In some embodiments, such as that shown in FIG. 8, the protective element 810 extends along the sides of the reference electrode 804 as far as the external surface of the reference electrode 804. In other embodiments, the protective element 810 extends only a portion of the way along the sides of the reference electrode 804. Additionally, in some embodiments, such as that shown, the protective element 810 extends on both sides of the reference electrode 804. In other embodiments, the protective element 810 only extends on one side of the reference electrode 804.

In some embodiments, instead of being molded into the protective element 810 itself, the reference electrode 804 is molded in a different material that at least partially surrounds the protective element 810. This may be desirable in embodiments where the protective element 810 does not have one or more material properties that are desirable for molding the reference electrode 804 in the protective element 810.

While a protective element may serve to protect the electrode conductor and the lead conductor in a lead, the protective element may also be susceptible to problems such as fraying that may result in exposure of sharp edges. In order to prevent such fraying, in some embodiments it may be desirable to provide a terminus for the protective element. In some embodiments, the terminus surrounds the end of the protective element such that any sharp edges on the protective element touch only the terminus and not the electrode and lead conductors.
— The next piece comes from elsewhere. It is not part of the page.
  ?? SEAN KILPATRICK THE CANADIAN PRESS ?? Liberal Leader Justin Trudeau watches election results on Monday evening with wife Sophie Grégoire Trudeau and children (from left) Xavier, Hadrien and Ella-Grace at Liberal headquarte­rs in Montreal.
Rather than introducing an additional element into the lead, which may complicate the manufacturing, use, and reliability of the lead, in some embodiments the reference electrode itself is formed as a terminus for the protective element. Various types of termini are possible. Two examples are shown in FIGS. 9-10, though other examples are possible as well.

FIG. 9 shows a cross-sectional view of an example lead including an insulating material, a protective element, and a reference electrode that forms a ring terminus for the protective element, in accordance with another embodiment. The lead 900 includes an electrode conductor 902, a reference electrode 904, a lead conductor 906, an insulating material 908, and a protective element 910. In the example shown, the insulating material 908 also surrounds a portion of the protective element 910.

As shown, the reference electrode 904 surrounds the end of the protective element 912, thereby reducing the risk of exposed sharp edges at the end of the protective element 910. Additionally, an exterior edge of the reference electrode 904 is exposed such that the reference electrode 904 may collect a stimulation current from one or more corresponding stimulation sites, as described above.

Another example of a terminus is a clamp terminus. FIG. 10 shows a cross-sectional view of an example lead including an insulating material, a protective element, and a reference electrode that forms a clamp terminus for the protective element, in accordance with another embodiment. The lead 1000 includes an electrode conductor 1002, a reference electrode 1004, a lead conductor 1006, an insulating material 1008, a protective element 1010, and an electrically conductive ring 1012. The electrode conductor 1002 and the reference electrode 1004 are shown to be electrically coupled via the electrically conductive ring 1012. Alternately or additionally, in embodiments where the protective element 1010 is electrically conductive, the electrode conductor 1002 and the reference electrode 1004 may be electrically coupled via the protective element 1010.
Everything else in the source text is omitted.